Le due situazioni giuridiche (concessionario e titolare di un diritto di superficie) non sono allora assimilabili, perché significherebbe far decadere ogni potere di revoca, soprattutto quello motivato in mancanza del ‘pubblico uso del mare o per altre ragioni di pubblico interesse’. Non basta che il decreto abbia previsto il ‘libero accesso al mare’, perché il ‘pubblico uso del mare’ prevede anche la visibilità del mare e dell’orizzonte marino, oltre a quella delle dune e delle spiagge.

Come potrebbero conciliarsi le due situazioni di un titolare di un diritto di superficie che ostruisce con le sue strutture la visibilità del mare su suolo demaniale, con il fatto che non esiste più alcuna possibilità di revoca del suo diritto acquisito in funzione del Codice della Navigazione?
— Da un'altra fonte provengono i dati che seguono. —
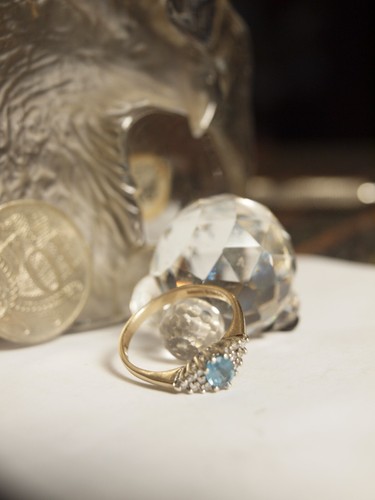 375 YELLOW GOLD BLUE TOPAZ & DIAMOND CLUSTER RING - RING SIZE : M - Picture 2 of 7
Come si eserciterebbero i poteri di controllo sulle aree demaniali marittime già edificate? Far passare il decreto significherebbe ‘sanare’ gli abusi esistenti che fino ad oggi non sono mai stati perseguiti (basta prendere come esempio il lungomare di Ostia). O è un tentativo per realizzare un modello di riferimento per operare analogamente lungo fiumi, torrenti e laghi, annullando ogni distinzione nella gestione delle diverse tipologie di suolo pubblico?

CONCLUSIONI

Una certezza rimane. La categoria dei balneari (non tutti, ma la gran parte) ha usufruito per troppo tempo di enormi privilegi, messi in discussione nel 2009 dalla Comunità Europea. Ora cerca di riunirsi in distretti turistico-alberghieri “a burocrazia zero” per mantenere sgravi fiscali e semplificazioni normative. Se la delimitazione dei distretti sarà effettuata dall`Agenzia del Demanio, quello che si prospetta sarà non tanto la cementificazione delle coste che già esiste, ma vere aree non controllate dallo Stato (porti e pontili compresi).
Non dimentichiamo che nello stesso tempo è in corso la declassificazione delle aree del demanio marittimo per invasivi progetti urbanistici, incluse tutte le superfici con i manufatti sopra esistenti, non più destinate a stabilimento balneare bensì ad attività turistiche, produttive, ricreative e ricettive. Queste saranno oggetto di diretta alienazione dal momento che hanno già di fatto perso, come indicato sopra, i caratteri della demanialità.
Il problema è che molte di quelle strutture, quelle per cui oggi si rivendica il ‘diritto di superficie’, sorgono su demanio e sono pertinenze demaniali, infrangendo i requisiti concessori. Andrebbero abbattute, non sanate. La soluzione? Invece di rincorrere la propaganda di Berlusconi e Tremonti, sarebbe opportuno applicare le leggi esistenti e fare un po’ di pulizia. Anche dalle infiltrazioni mafiose che in questo giochino del ‘diritto di superficie’ guadagnerebbero più di tutti.